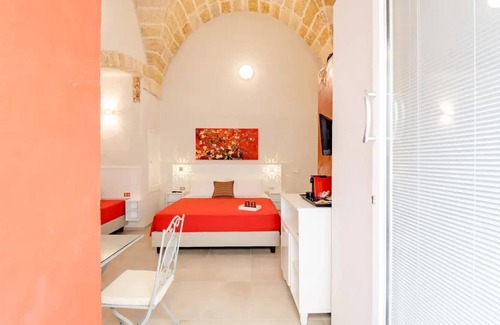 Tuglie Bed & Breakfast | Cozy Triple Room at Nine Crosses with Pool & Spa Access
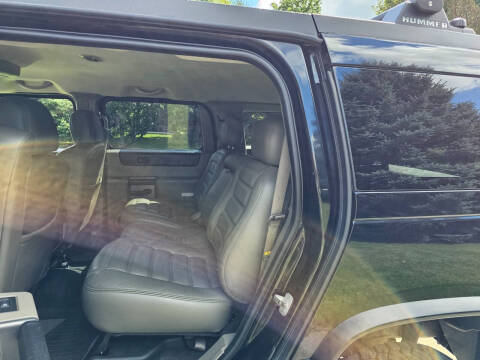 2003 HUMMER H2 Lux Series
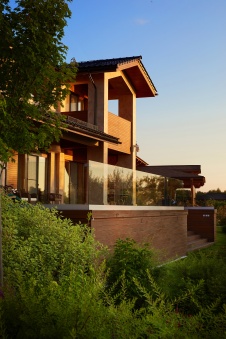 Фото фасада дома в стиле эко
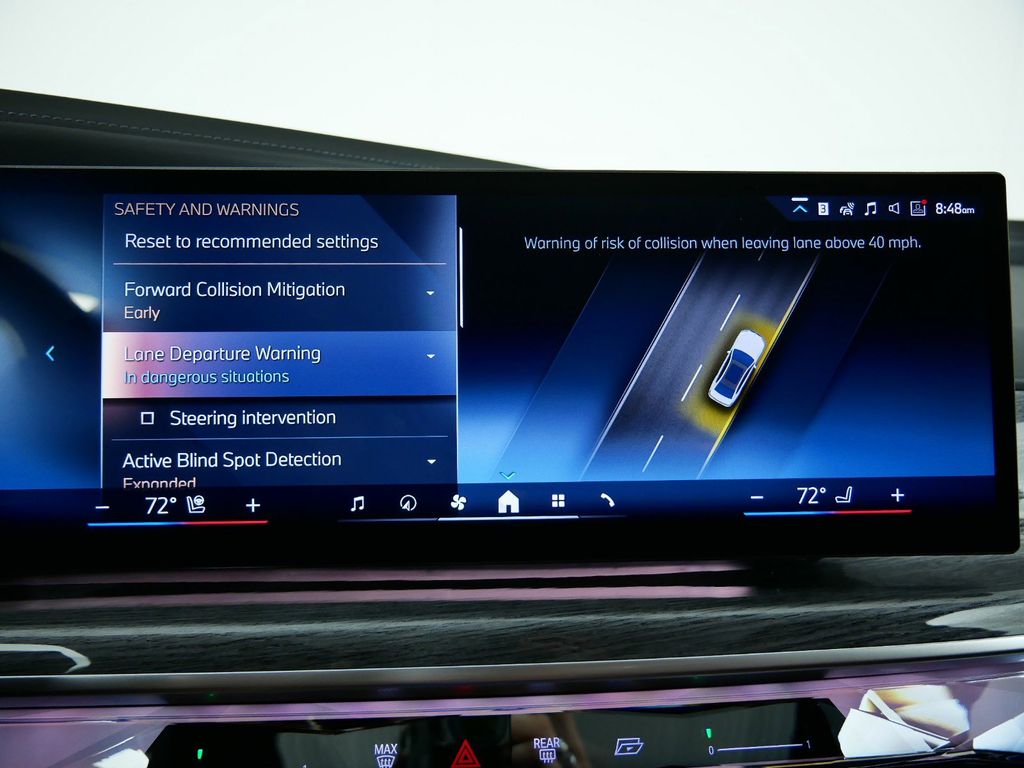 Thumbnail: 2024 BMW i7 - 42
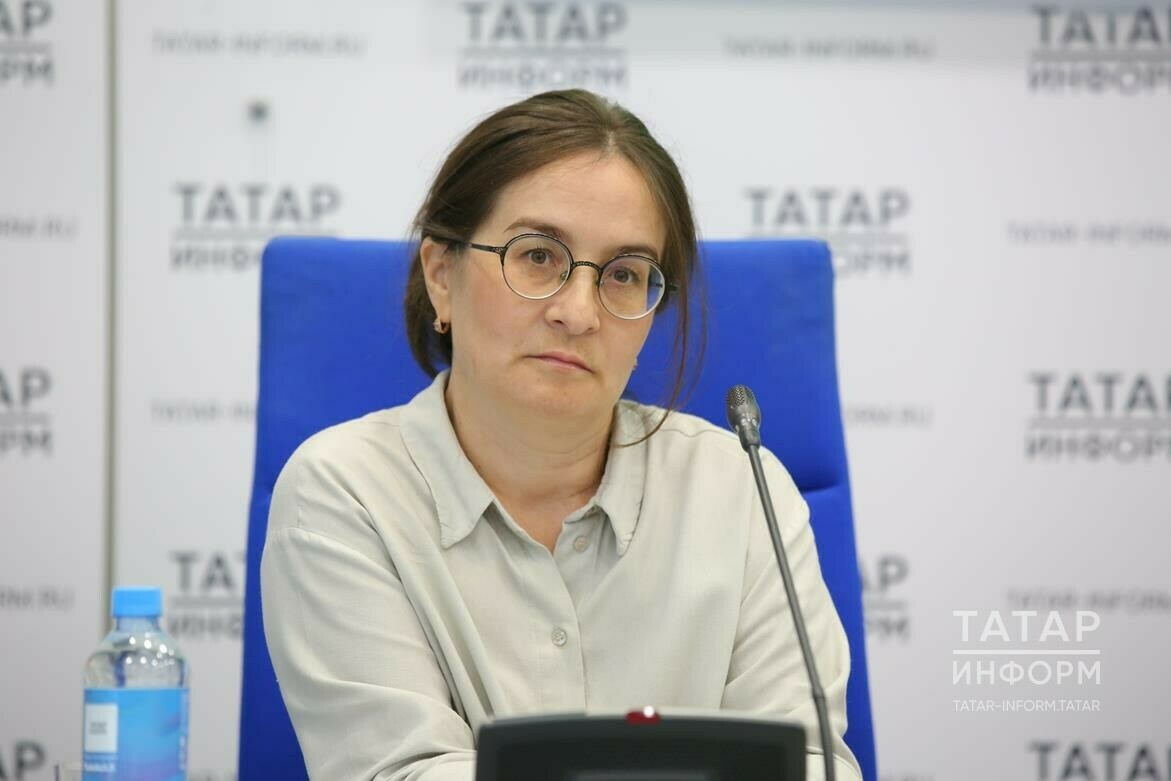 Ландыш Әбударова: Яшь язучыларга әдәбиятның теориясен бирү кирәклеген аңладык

• [DESCRIPTION OF THE TASK]: Copy nothing but the lines from the line that contains "Фото фасада дома в стиле эко" through the end of the listing, exactly, and keep pictures out of it.

• [RESPONSE TO THE TASK]:
 Фото фасада дома в стиле эко
 Thumbnail: 2024 BMW i7 - 42
 Ландыш Әбударова: Яшь язучыларга әдәбиятның теориясен бирү кирәклеген аңладык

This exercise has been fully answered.